The assessment showed that while I naturally score high in social influence and communication, I lean more toward direct problem solving than emotional processing. That doesn’t mean I don’t care deeply about people — I absolutely do. It means my instinct is often to move quickly toward solutions.
As a leader, I’ve had to learn that not every moment requires an immediate answer.
Sometimes people don’t need you to solve the problem first.
They need to feel heard first.
That realization challenged me in an important way.
Because leadership is not just about building scalable systems. It’s also about building trust, psychological safety, and environments where people can thrive while solving hard problems together.
I’ve Learned That Great Leadership Requires Both Structure and Humanity
Early in my career, I believed strong leadership meant always having the answer, staying composed under pressure, and driving execution relentlessly.
Now I think leadership is more nuanced than that.
The best leaders know how to:
- create structure without suffocating innovation,
- drive accountability without creating fear,
- challenge ideas without discouraging people,
- and maintain high standards while still making teams feel valued.
I’ve realized that my growth as a leader won’t come from abandoning my natural strengths.

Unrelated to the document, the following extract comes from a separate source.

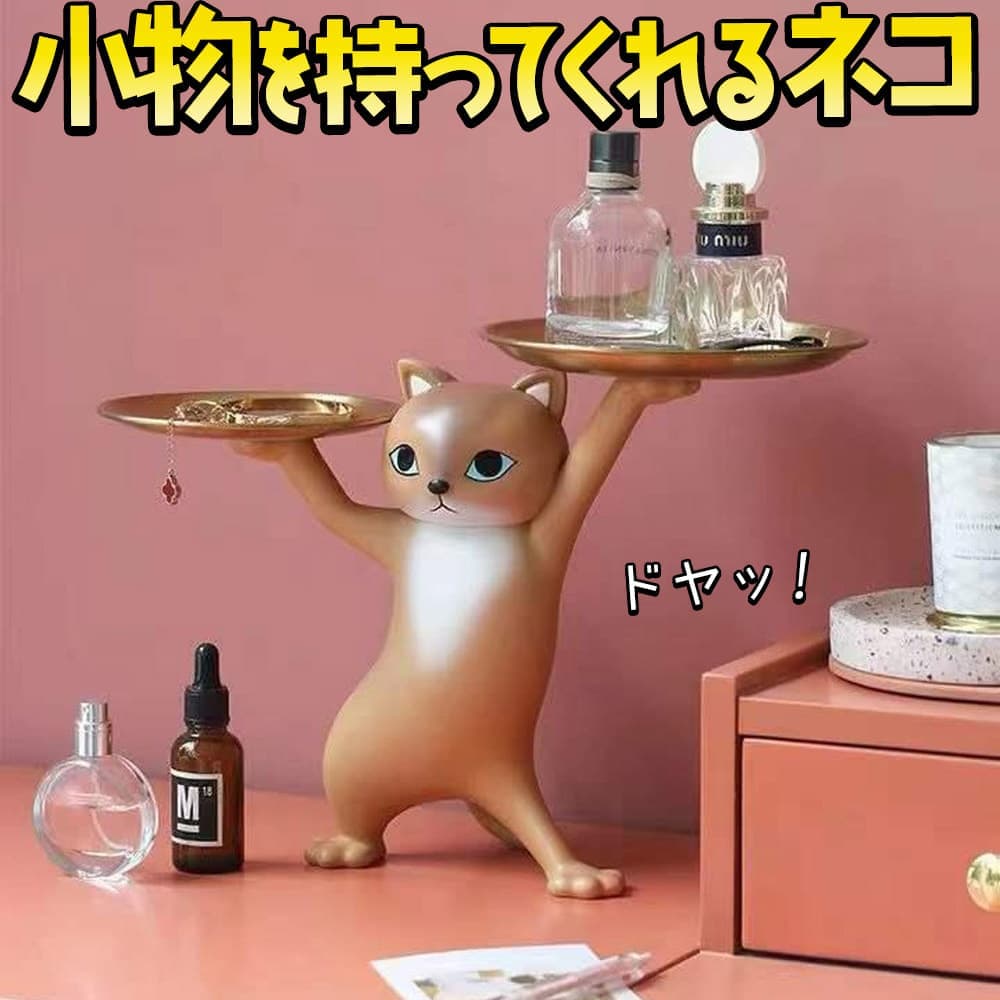 【P10倍&2点以上350円OFF!!】 フィギュア 置物 オーナメント 猫 小物を持ってくれる 幅36×高さ25×奥行17cm / インテリア 雑貨 小皿 小物入れ かわいい ねこ ブラウン ゴールド 金 アニマル かわいい ( ブラウン )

It will come from learning how to balance them more intentionally.
That means:
- slowing down sometimes,
- inviting more exploratory thinking before narrowing solutions,
- creating more space for emotional nuance,
- and recognizing that not everyone processes challenges the same way I do.
What This Means for Me Going Forward
This assessment didn’t change who I am as a leader.
It gave me language for it.
It helped me understand why I naturally gravitate toward systems, sustainability, and execution. But more importantly, it reminded me that leadership growth isn’t about becoming someone completely different.
It’s about becoming a more self-aware version of yourself.
The leaders I admire most aren’t the loudest people in the room. They’re the ones who know how to connect vision, people, strategy, and execution in a way that creates lasting impact.
That’s the kind of leader I continue striving to become.
Not someone who simply builds impressive things.
But someone who builds things — and teams — that last.